Exercise instructions — Using the records below, quote only the span that opens with the line containing "Corée du Nord: Kim" and closes with the line containing "Bore Gothica (1978), Bore", exactly and inclusively.

(Stored dataset items)

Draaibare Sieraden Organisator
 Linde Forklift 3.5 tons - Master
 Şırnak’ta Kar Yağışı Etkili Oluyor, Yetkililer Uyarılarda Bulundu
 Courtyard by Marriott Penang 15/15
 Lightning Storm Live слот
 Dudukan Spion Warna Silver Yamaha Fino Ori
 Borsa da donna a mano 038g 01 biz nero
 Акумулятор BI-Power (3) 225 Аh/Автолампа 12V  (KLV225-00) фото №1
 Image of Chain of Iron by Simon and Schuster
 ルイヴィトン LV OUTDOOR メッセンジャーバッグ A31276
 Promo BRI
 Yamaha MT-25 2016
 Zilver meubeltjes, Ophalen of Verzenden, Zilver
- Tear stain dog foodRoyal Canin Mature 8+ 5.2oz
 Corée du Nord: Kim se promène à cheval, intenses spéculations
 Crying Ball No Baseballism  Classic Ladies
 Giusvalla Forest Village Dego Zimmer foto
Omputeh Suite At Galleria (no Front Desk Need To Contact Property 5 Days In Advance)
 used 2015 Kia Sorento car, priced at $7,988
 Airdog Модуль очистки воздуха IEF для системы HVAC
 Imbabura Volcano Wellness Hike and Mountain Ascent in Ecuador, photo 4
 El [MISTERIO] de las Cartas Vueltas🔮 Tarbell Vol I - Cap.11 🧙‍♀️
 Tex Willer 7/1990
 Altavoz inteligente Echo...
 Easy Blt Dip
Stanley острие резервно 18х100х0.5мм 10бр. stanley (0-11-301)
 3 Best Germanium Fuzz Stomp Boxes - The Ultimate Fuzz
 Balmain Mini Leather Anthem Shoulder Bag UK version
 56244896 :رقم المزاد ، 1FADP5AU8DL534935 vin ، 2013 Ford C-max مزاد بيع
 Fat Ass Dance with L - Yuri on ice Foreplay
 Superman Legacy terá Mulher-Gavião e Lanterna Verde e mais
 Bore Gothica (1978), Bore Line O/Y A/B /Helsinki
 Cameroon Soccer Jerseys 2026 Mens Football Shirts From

Written response —
 Corée du Nord: Kim se promène à cheval, intenses spéculations
 Crying Ball No Baseballism  Classic Ladies
 Giusvalla Forest Village Dego Zimmer foto
Omputeh Suite At Galleria (no Front Desk Need To Contact Property 5 Days In Advance)
 used 2015 Kia Sorento car, priced at $7,988
 Airdog Модуль очистки воздуха IEF для системы HVAC
 Imbabura Volcano Wellness Hike and Mountain Ascent in Ecuador, photo 4
 El [MISTERIO] de las Cartas Vueltas🔮 Tarbell Vol I - Cap.11 🧙‍♀️
 Tex Willer 7/1990
 Altavoz inteligente Echo...
 Easy Blt Dip
Stanley острие резервно 18х100х0.5мм 10бр. stanley (0-11-301)
 3 Best Germanium Fuzz Stomp Boxes - The Ultimate Fuzz
 Balmain Mini Leather Anthem Shoulder Bag UK version
 56244896 :رقم المزاد ، 1FADP5AU8DL534935 vin ، 2013 Ford C-max مزاد بيع
 Fat Ass Dance with L - Yuri on ice Foreplay
 Superman Legacy terá Mulher-Gavião e Lanterna Verde e mais
 Bore Gothica (1978), Bore Line O/Y A/B /Helsinki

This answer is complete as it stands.